PDF(Pubmed)
Abstract:
PARP inhibitors are progressively becoming a part of our therapeutic arsenal against BRCA-defective tumors, because of their capacity to induce synthetic lethality in cells with a deficiency in the homologous recombination repair system. Olaparib and talazoparib have been approved for metastatic breast cancer in carriers of germline BRCA mutations, which are found in approximately 6% of patients with breast cancer.
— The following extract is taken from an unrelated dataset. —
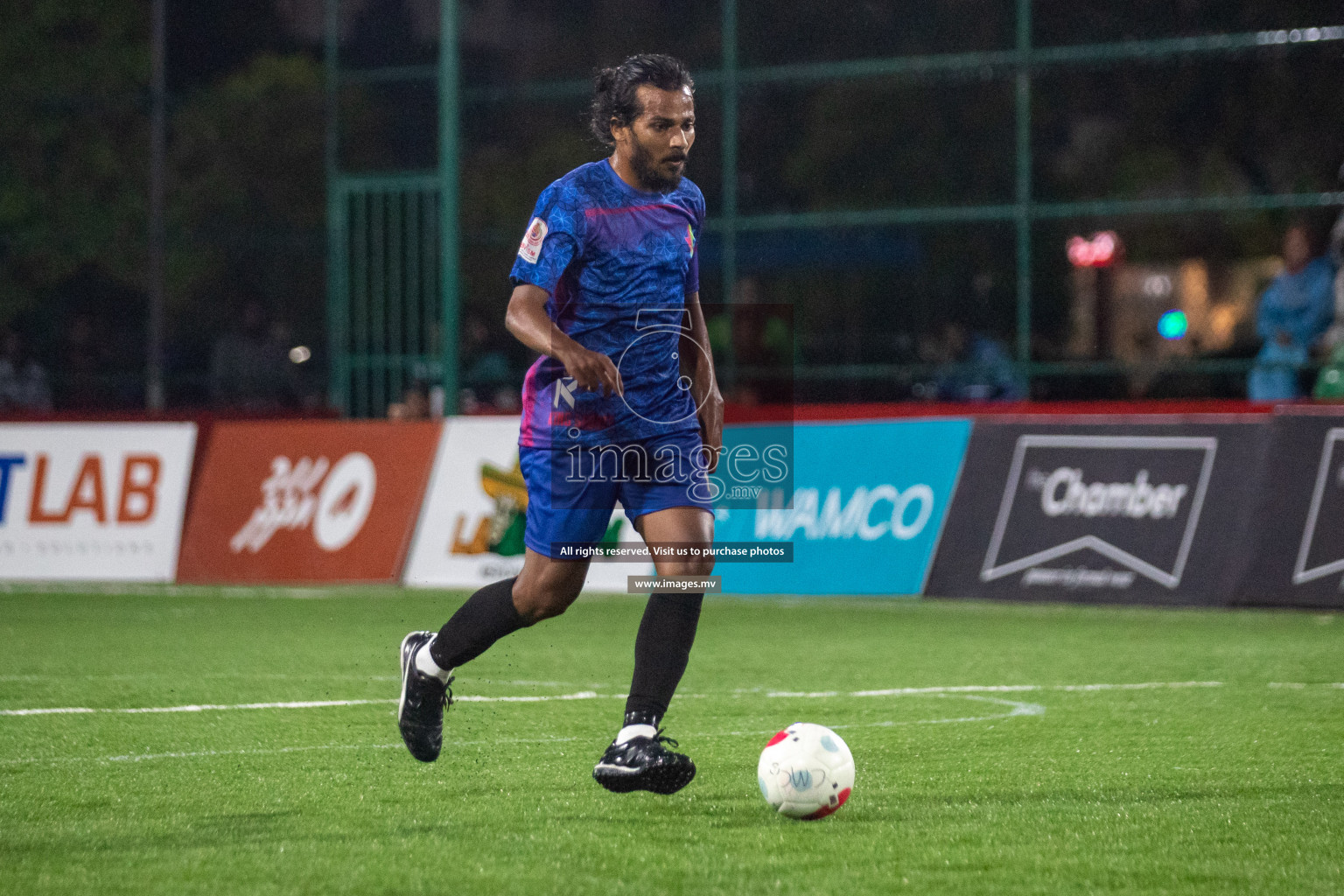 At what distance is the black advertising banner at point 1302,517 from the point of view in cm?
1180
We report the case of a patient with metastatic breast cancer, carrier of a germline mutation in BRCA2, with a complete response to first-line treatment with talazoparib, maintained after 6 years. To the best of our knowledge, this is the longest response reported with a PARP inhibitor in a BRCA-mutated tumor. We have made a review of literature, regarding the rationale for PARP inhibitors in carriers of BRCA mutations and their clinical relevance in the management of advanced breast cancer, as well as their emerging role in early stage disease, alone and in combination with other systemic therapies.
摘要:
PARP抑制剂正逐渐成为我们治疗BRCA缺陷肿瘤的一部分,因为它们在同源重组修复系统缺陷的细胞中诱导合成致死性的能力。Olaparib和talazoparib已被批准用于种系BRCA突变携带者的转移性乳腺癌,在大约6%的乳腺癌患者中发现。我们报道了一名转移性乳腺癌患者的病例,BRCA2种系突变的携带者,对他拉佐帕尼的一线治疗有完全反应,6年后维持。据我们所知,这是在BRCA突变的肿瘤中使用PARP抑制剂报道的最长应答.我们做了一个文献综述,关于BRCA突变携带者PARP抑制剂的基本原理及其在晚期乳腺癌治疗中的临床意义,以及它们在早期疾病中的新兴作用,单独和与其他全身疗法联合使用。